Town has been involved in Arabidopsis research projects for about 27 years and helped lead JCVI's efforts to sequence the model plant's genome. Over the next two years, his team of five along with collaborators at the Texas Advanced Computing Center, TACC, and the University of Cambridge will transfer data from TAIR's database into AIP, and develop and test the first data modules.

They've sub-contracted TAIR's staff to migrate data from their existing repository into a new Chado database that will underlie AIP — Chado is an open source relational database schema that was built to handle complex biological knowledge representations. TAIR's data is currently sitting on virtual machines on the iPlant consortium's servers. Staff members moved the data there earlier this summer so that the community could still be able to access it even after its funds ran out and while the AIP is being developed.

It's not clear at the moment whether the AIP will take on all of TAIR's data or not, Town said. For example, it has some old expressed sequence tag data that may no longer be needed thanks to newer technologies like RNA-sequencing, he said. There's also some uncertainty about how long the Arabidopsis Biological Resource Center, which offers DNA and seed stocks, will continue to use TAIR data for its stock ordering and when it might transition to AIP. "If it turns out that [ABRC] is going to run off AIP then we will want to take in any data types that are relevant for the stock center to continue functioning," Town said.

Other planned activities for the first two years will be to test the workability of the modular approach with groups like the developers of the Bio-Analytic Resource at the University of Toronto. Town said that the UToronto team is developing modules for the AIP that will give users access to gene expression and protein interaction data contained in the bioarray database. The team is also giving JCVI the complete datasets to store locally.
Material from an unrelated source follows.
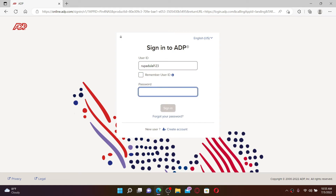You'll be able to see a password text box appear on your display. Type in the password associated with your account. In case you don't remember your password, click the 'Forgot Your Password' link and follow the instructions. After entering your credentials correctly, click the Sign In button and you'll be able to log in and get access to your employee account for ADP.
"Although the [IAIC] envisaged that we would do all this via web services, it turns out that not many Arabidopsis data resources at this time host functionally adequate web services," he explained.

This means that the first phase of the project will be a hybrid approach "where we do some data warehousing while at the same time we develop the ability both to accept and put out data via web services," Town said. "Having access to the data by both mechanisms also makes it possible to "do a side-by-side prototyping of the relative merits of warehousing this data en masse and serving it out that way versus trying to serve it on the fly via web services," he said.

JCVI is working with researchers at the University of Cambridge to create a version of the InterMine database that will serve as an aggregator for information in the AIP's data warehouse and will provide tools for running complex queries to find links between genes, gene expression, and protein interactions, for example. InterMine was developed by researchers at Cambridge and is used to integrate and query data for a number of model organisms including flies, mice, and yeast.

For its part, TACC will provide the hardware needed to power the portal and will be responsible for developing its graphical user interface. TACC has experience with providing infrastructure for plant genomes because it developed code and tools that are used to support the iPlant consortium's activities.

Town's team expects to have a functioning prototype of the portal by the end of the year. Ultimately, he said, when it's time to apply for renewed funding in two years, the researchers hope to have a system that demonstrates to the NSF and the Arabidopsis community that AIP is "actually something that really is going to be worthwhile to grow and develop," he said.